Wie wirkmächtig bis heute diese Art kultureller Austausch zwischen Stadt und Land auch ist: Kleider machen Leute. Sie spiegeln Geschlechterrollen, sind Ausdruck der Heimatverbundenheit, zählen zum Kulturgut, gehören zur Populärkultur wie zur Wertschöpfungskette.
Heute Stadtmuseum
Mode und Tracht von der Vergangenheit bis in die Gegenwart abzubilden, ist Sammlungsinhalt der Von Parish Kostümbibliothek, einer ehemals privaten Fachbibliothek, die seit 1970 zum Münchner Stadtmuseum gehört. Zu verdanken ist sie dem Pioniergeist und der Sammelleidenschaft zweier Frauen mit gleichem Namen: Mutter (1881 bis 1966) und Tochter (1907 bis 1998) Hermine von Parish. Beide schufen mit ihrer Kostümbibliothek eine wahre Institution in München.
Neben ihrer opulenten, bis zum Dachgeschoss reichenden Sammlung hinterließ die Tochter der Stadt auch die dazugehörende Immobilie samt Inventar. In der Münchner Architekturlandschaft kommt sie einem Juwel gleich. Gebaut wurde die Villa 1900/01 von der namhaften Münchner Architekten- und Baufirma Gebrüder Rank für den aus Berlin zugereisten Tonkünstler Wilhelm von Schirach, der sein Haus 1916 an Hermine von Parish sen. verkaufte. Erst 1936 bezogen Mutter und Tochter die damals außerhalb der Stadt gelegene frei stehende Villa mit der Adresse Kemnatenstraße 50 in München-Nymphenburg und gründeten dort auch ihre eigene, staatlich anerkannte private Kunstschule.
Architektonisches Juwel
Nach drei Jahren Sanierungspause ist jüngst die Von Parish Kostümbibliothek wieder für die Öffentlichkeit zugänglich. Die Jugendstilarchitektur, im Inneren überformt mit Gemälden von Emanuel Spitzer (Vater von Hermine Parish sen.) und Mobiliar im Stilpluralismus des Historismus, erstrahlt nach eingehender Befunduntersuchung im neuen alten Glanz der rekonstruierten Erstfassung.
Beim Betreten des Hauses empfängt die Besucherinnen und Besucher ein stimmiges Gesamtkunstwerk: Vom schmiedeeisernen Garderobehaken des im Landhausstil nach englischem Vorbild gehaltenen Eingangsbereichs bis zum historischen Kamin und Konzertflügel im repräsentativen grünen Salon mit schweren roten Samtvorhängen vor dunkel gestrichenen Holzkastenfenstern sind Materialgerechtigkeit und Hochwertigkeit vereint. Das Erdgeschoss eignet sich im Übrigen auch für intime Veranstaltungen und Empfänge.
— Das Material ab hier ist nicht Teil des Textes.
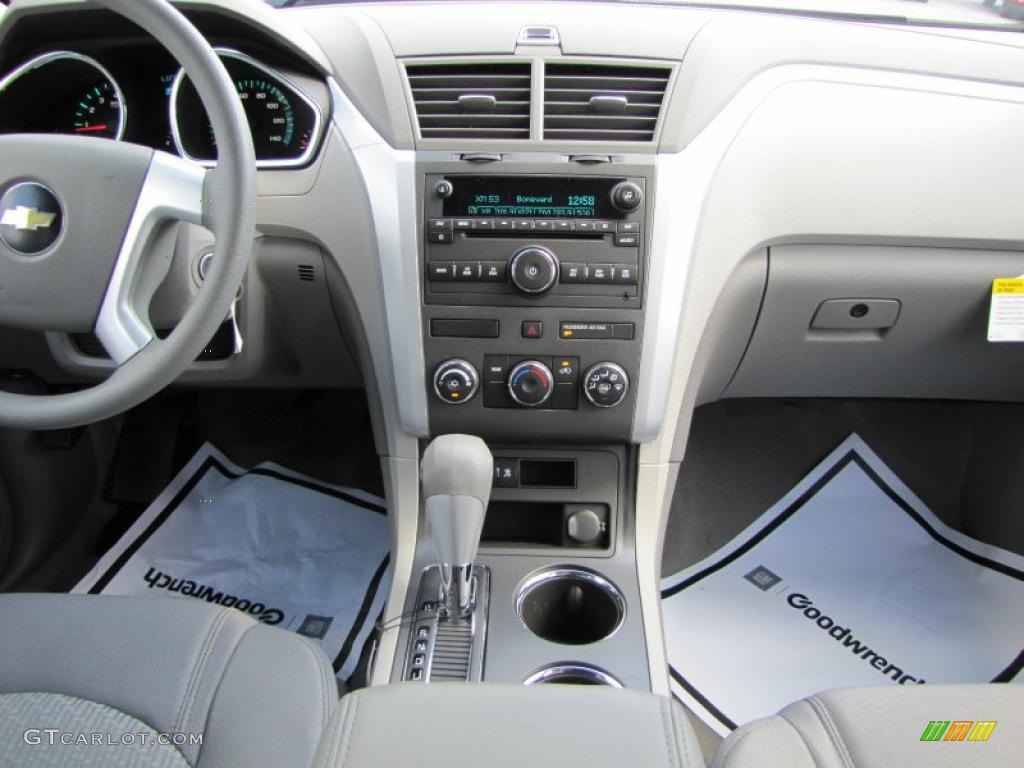 2011 Chevrolet Traverse LS AWD Dark Gray/Light Gray Dashboard Photo #46678193
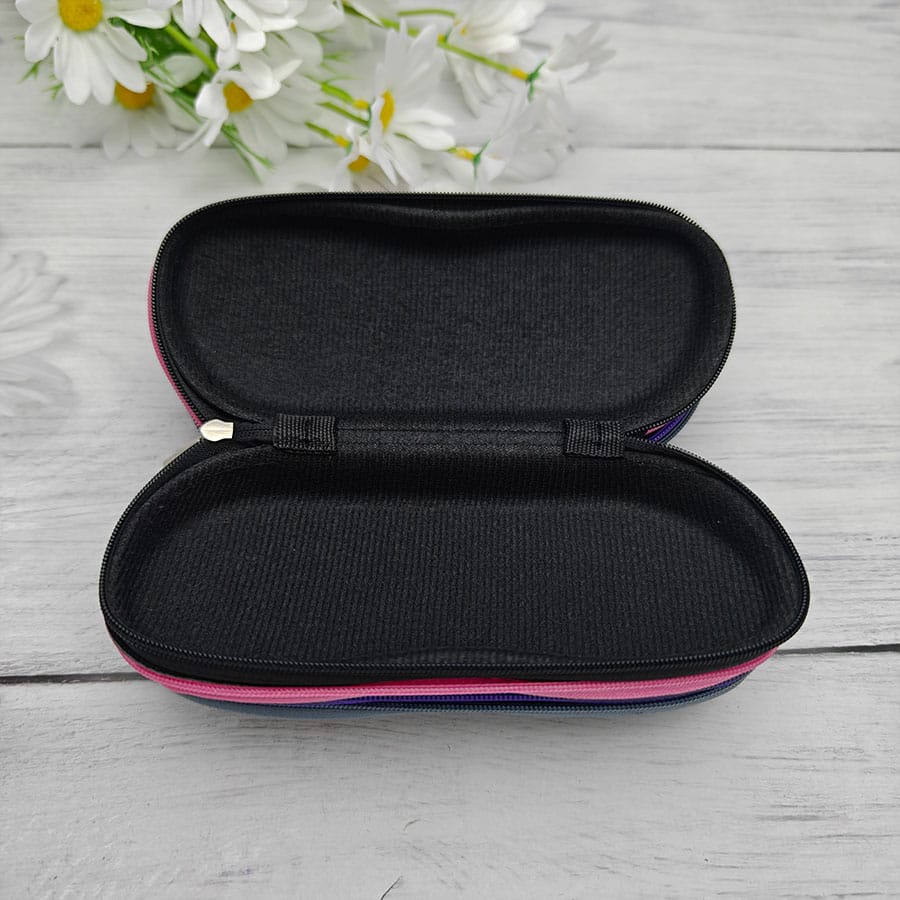Zipper glasses case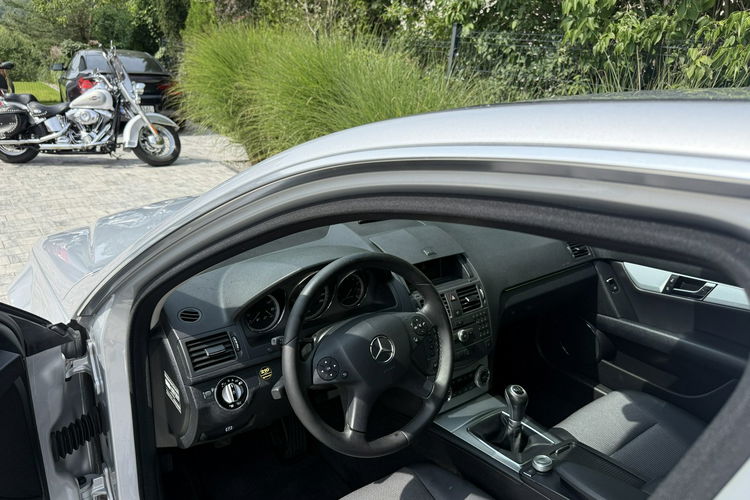 Mercedes C 180 Bardzo zadbana zdjęcie 4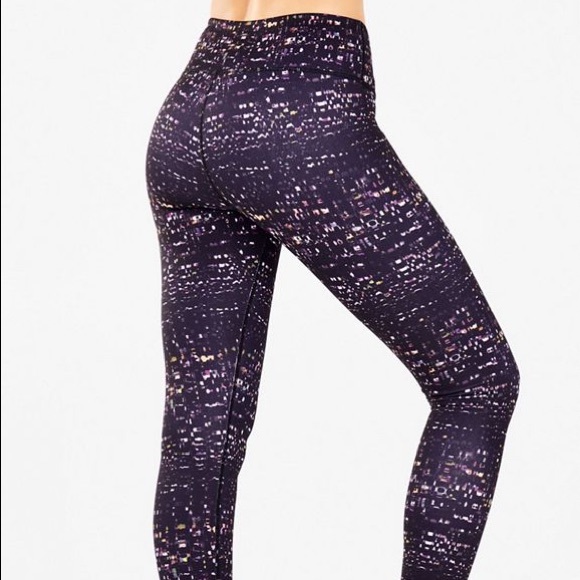 Fabletics two piece tank and pant set - Picture 7 of 8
Der Genius Loci entspricht dem Alleinstellungsmerkmal dieser Spezialsammlung zur Geschichte der Mode. Diese umfasst rund 10 000 Bücher, 1600 Zeitschriftentitel, 2000 Zeitschriftenbände, 40 000 Einzelhefte, 43 000 Grafiken und Zeichnungen, 32 000 Fotografien und über 1,5 Millionen Einzelblätter. Vergleichbare Bibliotheken gibt es weltweit rund 20. Deutschlandweit konkurriert mit München nur die Lipperheidesche Kostümbibliothek in Berlin.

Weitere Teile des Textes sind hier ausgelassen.